Neste outono, na oitava lua, Zichun veio em missão à capital. Trazia consigo um quadro que tinha feito do seu jardim, que me mostrou, dizendo: “Este jardim cobre uma superfície de cem mu (6,5 hectares). Um rio corta-o à frente, um lago de água pura irriga-o a oeste e um terraço alto ergue-se a norte. No terraço, temos um quiosque que se esgueira pelas nuvens para contemplar o céu longínquo; na margem do lago, um pavilhão aéreo onde nos podemos debruçar sobre a água límpida; no rio, um barco com dossel pintado para passear. No centro, abrimos um espaço onde construímos um salão para receber e tratar os nossos amigos, com um campo atrás para atirar setas. Onde antes havia um campo de silvas afogado numa névoa cinzenta e fria, a frescura dos lótus e da macer, o perfume das orquídeas e da angélica alternam com as sombras misturadas das belas árvores alinhadas ao lado destas flores requintadas. Onde antes havia um terreno baldio de muros em ruínas e valas alagadas, os telhados altos suportados por longas vigas reflectem a sua imagem na água iluminada pelo sol, dançando, mergulhando e subindo; a descontração e a calma ecoam os sons da distância e atraem um vento curativo. Onde outrora os gritos das doninhas e de outros animais selvagens se erguiam na escuridão das tempestades, os habitantes da cidade, homens e mulheres, passeiam em dias de sol ou de festa ao som de canções e de música.

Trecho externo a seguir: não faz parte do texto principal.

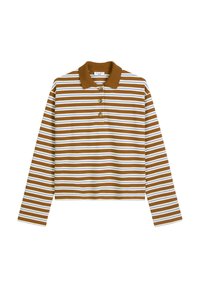 Gestreepte langärmelige poloshirt in bruin, wit en lichtblauw. Heeft een kraag en een geplooide sluiting met drie knopen. Zachte stoftextuur.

“Não nos poupámos a esforços. Mas o que vêem neste quadro dá apenas uma ideia ténue deste jardim. Quando subimos ao terraço para contemplar o rio e as montanhas próximas ou distantes, quando nos divertimos no rio seguindo os voos e os mergulhos dos peixes e das aves, a sedução do que anima à nossa volta, a alegria de contemplar a paisagem são sentimentos que só o caminhante conhece. Tudo o que a pintura não consegue representar, já não sou capaz de exprimir por palavras. Talvez pudesse escrever algumas palavras sobre o nosso jardim”.

E acrescentou: “Zhenzhou é uma encruzilhada por onde passam viajantes dos quatro cantos do império; convidamo-los a partilhar os nossos prazeres, porque havemos de ser os únicos a desfrutá-los? O lago e o terraço são cada vez mais elegantes, as flores e as árvores são cada vez mais abundantes. Não passa um dia sem que haja visitantes de todo o lado. Não seria de partir o coração para nós os três se tivéssemos de deixar este sítio? E se não escrevermos sobre o nosso jardim, quem saberá mais tarde que é obra de nós os três? As grandes qualidades destes três homens permitiram-lhes trabalhar em conjunto e ser úteis nos seus empregos. Eles sabem o que é preciso fazer. Asseguram a prosperidade da Corte e da população do país, onde não se ouvem queixas, e só então relaxam, partilhando os seus prazeres com a boa gente de todo o império. Tudo isto é admirável e merece ser relatado.”

Trad. Miguel Lenoir

*Ouyang Xiu (1007-1072) foi um “funcionário letrado” exemplar, tão respeitado pela sua carreira (embora duas vezes desonrado) como pela sua obra literária, tão preocupado com o bem público como com o lazer refinado da reforma. O ideal de harmonia que apaga o conflito pode ser visto no jardim não muito longe de Nanjing, que ele provavelmente nunca viu.